Todo esse patrimônio, que não pertence a nenhum ente privado, a nenhum dono de universidade, hoje corre risco de se perder. A situação chegou no limite. Funcionários e professores não recebem integralmente seus salários há vários meses. Diversos direitos trabalhistas não estão sendo respeitados.

A importância do IUPERJ para os meios acadêmicos e universitários, políticos e governamentais ficou clara no processo de mobilização que a instituição lançou para buscar soluções definitivas para essa crise financeira que explodiu este ano, mas que já era latente há mais de uma década. Recebemos apoios de diversos programas de pós-graduação e de academias e sociedades cientificas, de inúmeros intelectuais, políticos e gestores de diversas esferas de governo.

Três soluções foram levantadas nessa caminhada para salvar o IUPERJ. A ideal seria a estatização do Instituto, com sua vinculação a alguma universidade pública. Infelizmente, essa solução foi rapidamente descartada, pelas dificuldades legais que geraria.
 
A outra, também já descartada, era sem dúvida a pior, pois implicava em “salvar” o IUPERJ aprofundando seus vínculos com o setor privado, instituindo cobrança de mensalidade, voltando totalmente sua produção para as demandas mercadológicas.

Por fim, a alternativa que se mostrou mais viável foi a de transformar o IUPERJ em uma Organização Social (OS) vinculado ao Ministério de Ciência e Tecnologia, o que viabilizaria o aporte de recursos provenientes das agências de fomento como o Capes e o CNPq, entre outras. Em contrapartida, o Instituto se comprometeria com metas públicas e a transparência e controle dos recursos seriam garantidos.

Esse não é um debate fácil para as forças progressistas. As Organizações Sociais fazem parte de um conjunto de reformas do Estado propostas no auge da hegemonia neoliberal no Brasil (anos 1990), e tinha como objetivo diminuir a presença do Estado nos diversos setores da vida nacional. O conceito de público-não estatal surge como forma de legitimar esse programa, que pretendia englobar áreas como saúde, educação, cultura, etc.

A resistência a essa proposta ainda é forte nos movimentos sociais das respectivas áreas, nos partidos políticos de esquerda, entre intelectuais e pensadores comprometidos com o público. As experiências em curso com OS nos estados e municípios são no mínimo controversas, muitas das promessas de melhoria nos serviços não vieram, a restrição dos serviços para a parte mais pobre da população é uma possibilidade sempre presente.

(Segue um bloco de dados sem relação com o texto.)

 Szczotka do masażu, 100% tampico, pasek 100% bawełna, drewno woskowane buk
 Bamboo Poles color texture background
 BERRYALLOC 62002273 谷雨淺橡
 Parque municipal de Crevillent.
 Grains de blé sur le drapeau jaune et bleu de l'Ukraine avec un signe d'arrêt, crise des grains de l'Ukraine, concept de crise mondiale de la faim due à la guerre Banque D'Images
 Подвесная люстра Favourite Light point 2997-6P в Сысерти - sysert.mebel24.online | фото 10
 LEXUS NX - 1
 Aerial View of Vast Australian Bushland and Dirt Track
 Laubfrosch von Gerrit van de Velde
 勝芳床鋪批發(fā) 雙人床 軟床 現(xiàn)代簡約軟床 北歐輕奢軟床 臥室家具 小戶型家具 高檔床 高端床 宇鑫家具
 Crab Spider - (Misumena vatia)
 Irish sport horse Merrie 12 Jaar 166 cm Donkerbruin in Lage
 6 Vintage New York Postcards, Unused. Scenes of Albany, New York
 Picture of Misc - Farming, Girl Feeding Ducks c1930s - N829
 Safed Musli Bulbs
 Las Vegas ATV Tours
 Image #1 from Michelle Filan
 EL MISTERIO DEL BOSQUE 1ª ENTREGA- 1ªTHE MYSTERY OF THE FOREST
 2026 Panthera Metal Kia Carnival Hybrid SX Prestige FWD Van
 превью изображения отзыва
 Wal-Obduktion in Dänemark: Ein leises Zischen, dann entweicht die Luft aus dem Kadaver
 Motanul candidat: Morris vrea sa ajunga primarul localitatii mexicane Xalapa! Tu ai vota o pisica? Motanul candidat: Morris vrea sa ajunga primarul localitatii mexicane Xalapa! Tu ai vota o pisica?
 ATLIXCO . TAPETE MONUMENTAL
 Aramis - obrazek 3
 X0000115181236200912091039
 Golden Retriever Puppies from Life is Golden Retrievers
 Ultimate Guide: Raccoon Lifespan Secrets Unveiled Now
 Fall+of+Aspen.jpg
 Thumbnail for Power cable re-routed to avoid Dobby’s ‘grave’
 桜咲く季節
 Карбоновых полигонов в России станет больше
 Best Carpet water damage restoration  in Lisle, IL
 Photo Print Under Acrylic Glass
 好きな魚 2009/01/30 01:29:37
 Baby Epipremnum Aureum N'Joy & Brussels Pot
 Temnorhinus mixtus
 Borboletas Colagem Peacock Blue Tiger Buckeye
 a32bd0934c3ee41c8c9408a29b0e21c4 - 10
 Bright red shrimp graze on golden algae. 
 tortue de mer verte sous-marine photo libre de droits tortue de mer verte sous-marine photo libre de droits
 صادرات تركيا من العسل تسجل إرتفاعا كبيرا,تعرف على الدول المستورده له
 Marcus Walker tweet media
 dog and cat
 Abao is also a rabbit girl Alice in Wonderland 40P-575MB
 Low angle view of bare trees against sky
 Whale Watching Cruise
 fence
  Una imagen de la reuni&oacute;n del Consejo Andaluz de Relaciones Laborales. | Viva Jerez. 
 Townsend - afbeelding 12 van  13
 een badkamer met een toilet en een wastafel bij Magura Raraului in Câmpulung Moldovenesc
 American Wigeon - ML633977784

O caso do IUPERJ é exatamente o oposto. Na prática, trata-se de um movimento do Estado encampando um Instituto com regime jurídico privado. O caráter público do IUPERJ, que já existe de fato, passaria a existir de direito, pelo menos no que se refere ao vinculo estatal. Por isso, se a transformação do IUPERJ em OS se concretizar, será um avanço.

O caráter público de uma instituição não se encerra no seu atrelamento com o Estado. Mas esse é um primeiro e importante passo para institucionalizar as boas práticas do IUPERJ que já estão em curso. Outro passo  necessário é envolvermos a sociedade de forma ampla nesse debate, especialmente no momento de estabelecer as metas de pesquisa da futura OS, na cobrança de transparência dos recursos.

Por fim, não é demais frisar a importância desse debate acerca do IUPERJ para o recorte que nos interessa, que é o da juventude. As questões da pós-graduação, da ciência e tecnologia, da produção de conhecimento são momentos chaves de um projeto de desenvolvimento nacional, popular e democrático que de fato inclua a juventude, rompendo com o circulo vicioso estruturado pelo neoliberalismo de submeter os jovens ao desemprego e à violência.

Manter vivo o IUPERJ só vai ser uma tarefa exitosa se envolver um conjunto maior de cidadãos, ativistas, militantes, que pautem o problema da educação e do conhecimento de forma realmente democrática. E isso só ocorrerá com uma mobilização forte da juventude, principal setor interessado na ampliação e massificação desses direitos. De positivo, fica o registro de que essa mobilização já se iniciou. Os estudantes do IUPERJ estão intervindo nesse debate, a Associação Nacional de Pós Graduação (ANPG) e a União Nacional dos Estudantes (UNE) deram total apoio ao movimento para salvar o IUPERJ.